Rise and Composition of the WPC

See Babcock, Constitution-Maker, at 851-864, nn.8-49 for many more detailed sources. WALTON BEAN & JAMES R. RAWLS, CALIFORNIA: AN INTERPRETIVE HISTORY (7th ed. 1988) (especially chapter and bibliography on “The Terrible Seventies”) gives the generally accepted account of the conditions which gave rise to the WPC. ETHINGTON, THE PUBLIC CITY (1994) is a major modern work on the period. Ethington is one of the few historians of any period to examine the role of women, especially in his section Women as Orators, Lawyers, Politicians: Natural Rights Versus the Masculine Public Sphere, at 208 [hereafter ETHINGTON, PUBLIC CITY]. DARCY G.RICHARDSON, OTHERS, THIRD-PARTY POLITICS FROM THE NATION'S FOUNDING TO THE RISE AND FALL OF THE GEENBACK -LABOR PARTY(2004)has a chapter on the Workingmen's Party of the United States, with a good account of Dennis Kearney and the California offshoot 495-507.
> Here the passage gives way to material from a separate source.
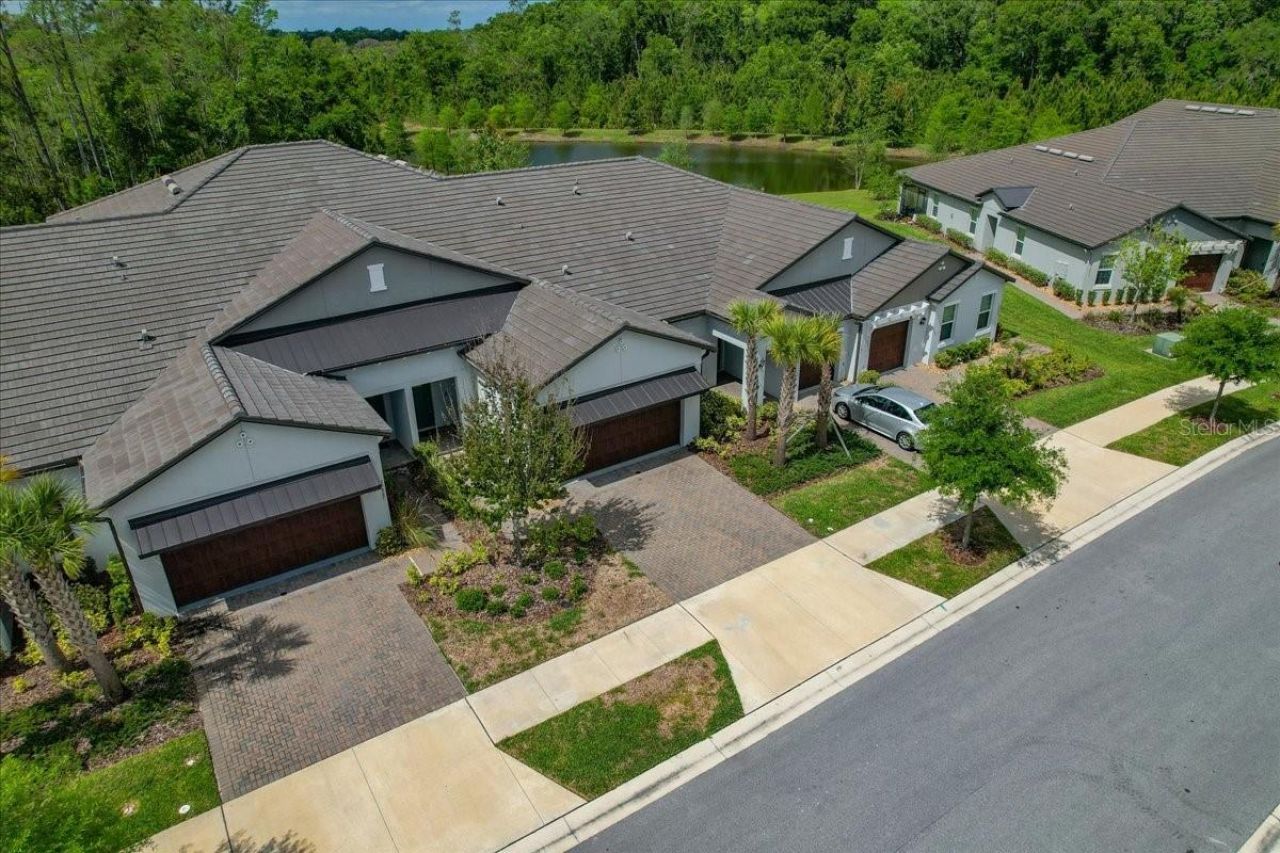 16673 Shell Bay Drive, Land O Lakes, FL 34638 Photo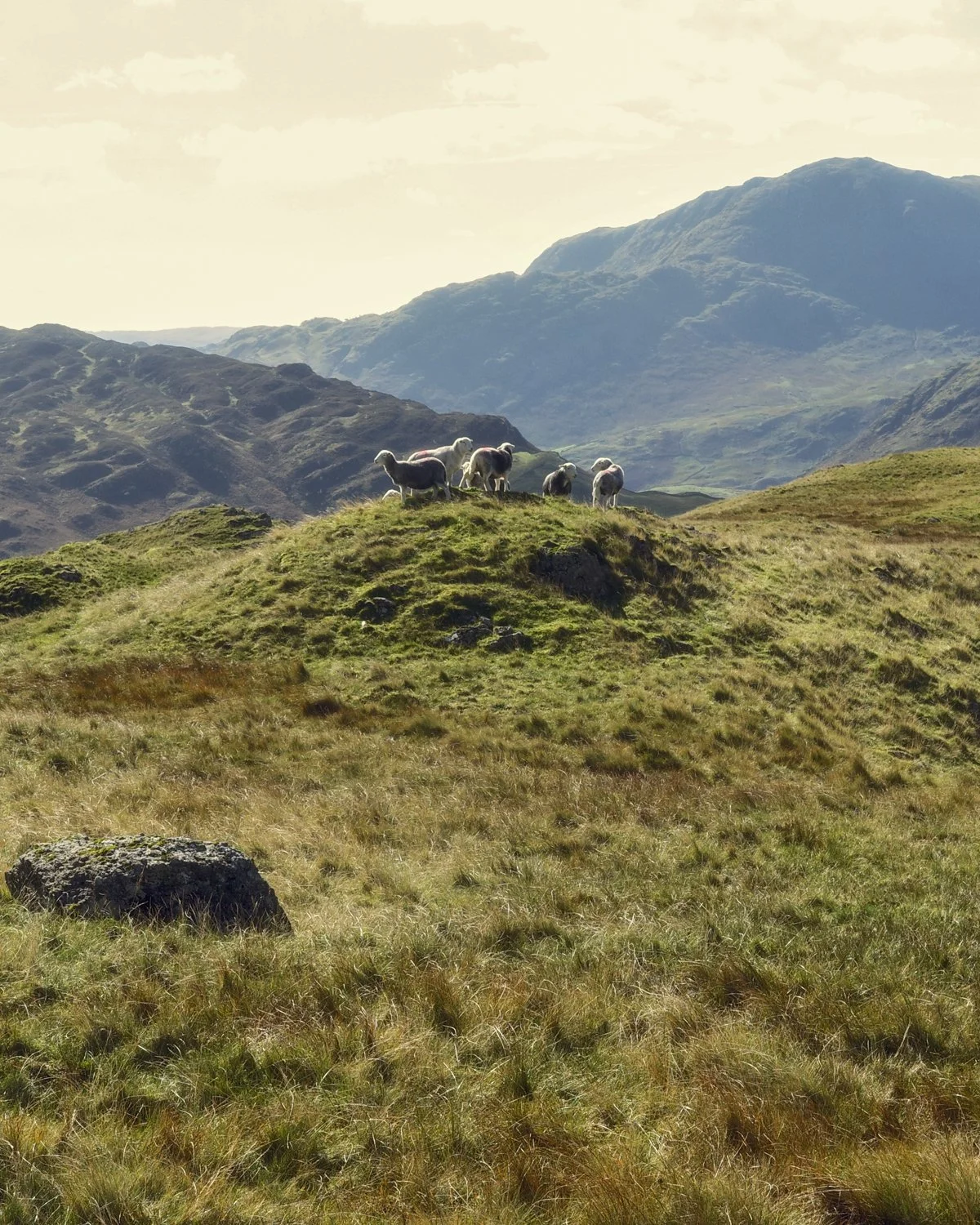 A group of sheep standing on a grassy hilltop in a mountainous landscape during daytime.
The contemporary works I found most useful follow: Henry George, The Kearney Agitation in California, 17 POPULAR SCI. MONTHLY 433 (1880) best captures the atmosphere and temper of the times [hereafter, George]. The most widely known work is the chapter on Kearneyism in California, 3 JAMES BRYCE, THE AMERICAN COMMONWEALTH 223 (1888). Bryce relied heavily on Henry George for his interpretations. A distinguished English statesman and scholar, Bryce traveled to America in 1870, 1881 and 1883 to gather material for a book on the political character and behavior of Americans. In his effort to determine whether Kearney was “merely a rabble rouser,” Bryce talked mostly with newspaper editors and journalists, almost all opposed to Kearneyism. EDMUND S. IONS, JAMES BRYCE AND AMERICAN DEMOCRACY, 1870-1922, at 116 (1970).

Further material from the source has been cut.